The superintendent raised the need for a psychological assessment, which the grievor undertook grudgingly but voluntarily. While this assessment was pending the superintendent met with the department and implied that the grievor was mentally unwell, in essence conveying the same opinion that was the basis for the pending assessment. In the end, a psychologist determined the grievor was “psychologically intact and functional.”

Based on the following analysis, Arbitrator Sims ordered the Service to pay $5,000 in damages:

Had the Employer described to a work group a physician’s diagnosis of a co-worker, that it had obtained in its role as employer, disclosure would clearly be a breach of the employee’s right to privacy of their personal medical information.  To anticipate a diagnosis, based only on personal observations, however genuine the concerns,and to discuss that in public, is just as serious a breach of privacy.  Arrangements were underway to get the grievor assessed.  Implying anything as to his state of health pending that assessment was inappropriate and unnecessary. The decision was made to transfer the grievor based on the problems he was having with his Staff Sergeant and the Unit Review.  This was decided before the health concerns arose from the interview.  Given that, there was really no need to go into whether the grievor had health issues at all.

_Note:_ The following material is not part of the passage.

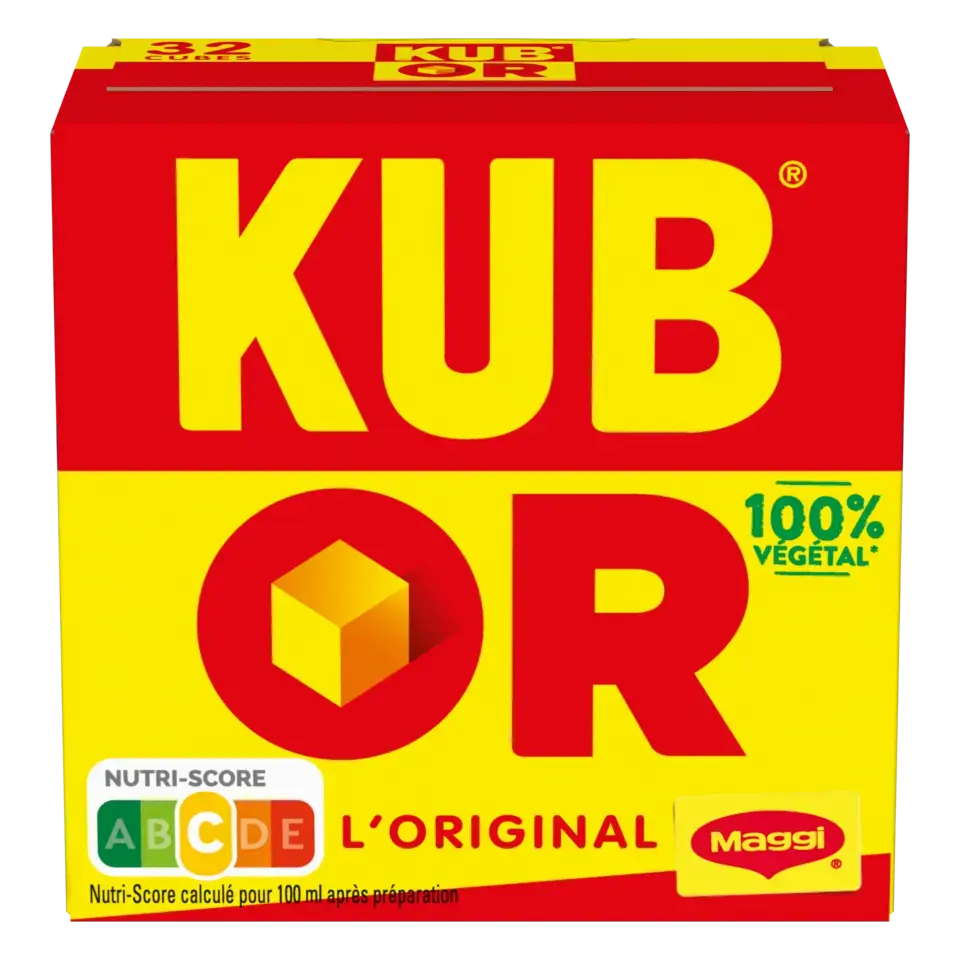 MAGGI KUB OR Bouillon Original Box 60x128g FR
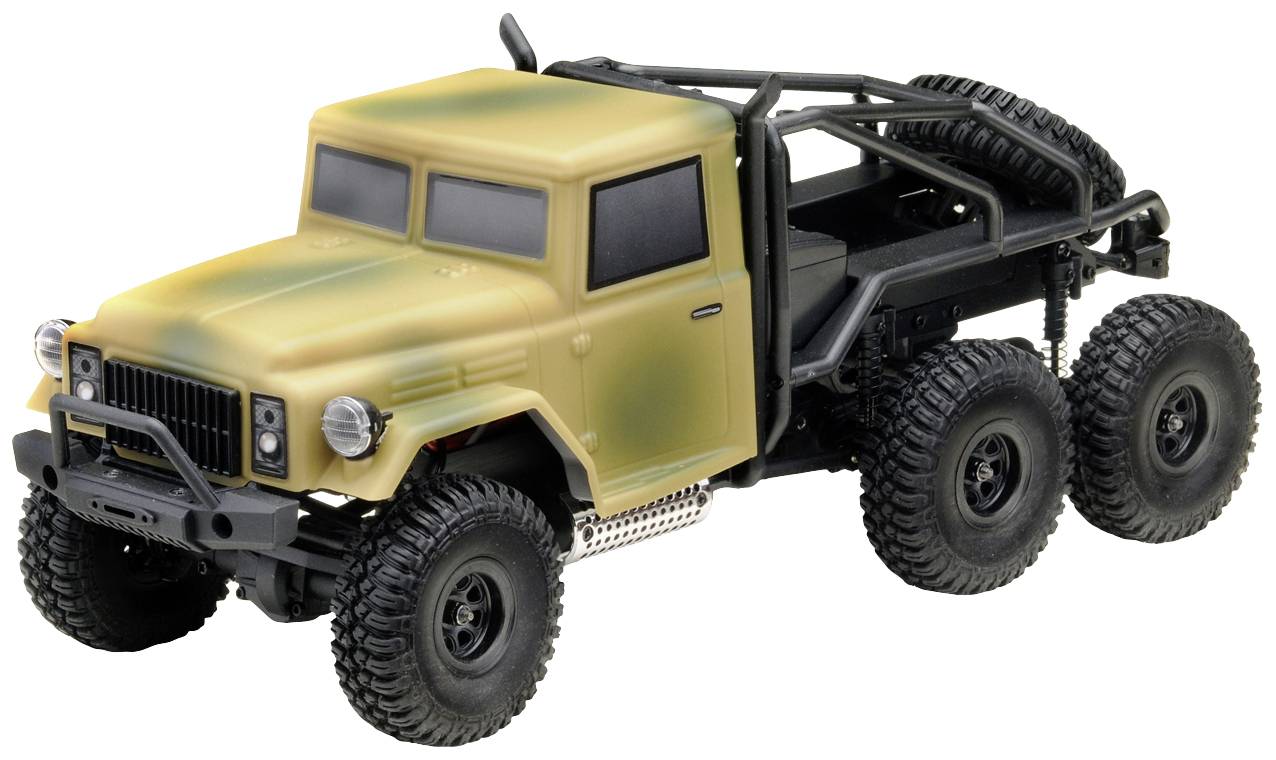 Absima First Step Micro Crawler Brushed 1:18 RC Modellauto Elektro Crawler Allradantrieb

The emphasis on the grievors “H.R. issues” had the effect of adding undue emphasis to the suggestion that the broader issues in the unit, which were serious in themselves, were due to the grievor’s health issues.  That too was unjustified given the more balanced assessment in the unit review itself.  The grievor’s reputation amongst his peers, his need and ability to interact with them in future, and his sense of employment security were all impacted by the excessive commentary during this meeting.  While I accept that the comments were made out of genuine (although to a significant degree unfounded) concern, they amounted to a breach of privacy and caused harm to the grievor’s privacy interests. Police officers are particularly dependent upon their reputation amongst their peers.  Any suggestion of mental problems or unreliability can seriously hurt their working relationships and their careers.  I find these breaches of privacy sufficiently serious to justify financial compensation which, based on a review of the authorities discussed above, I award at $5,000.

Edmonton Police Service v Edmonton Police Association, 2014 CanLII 73072 (AB GAA).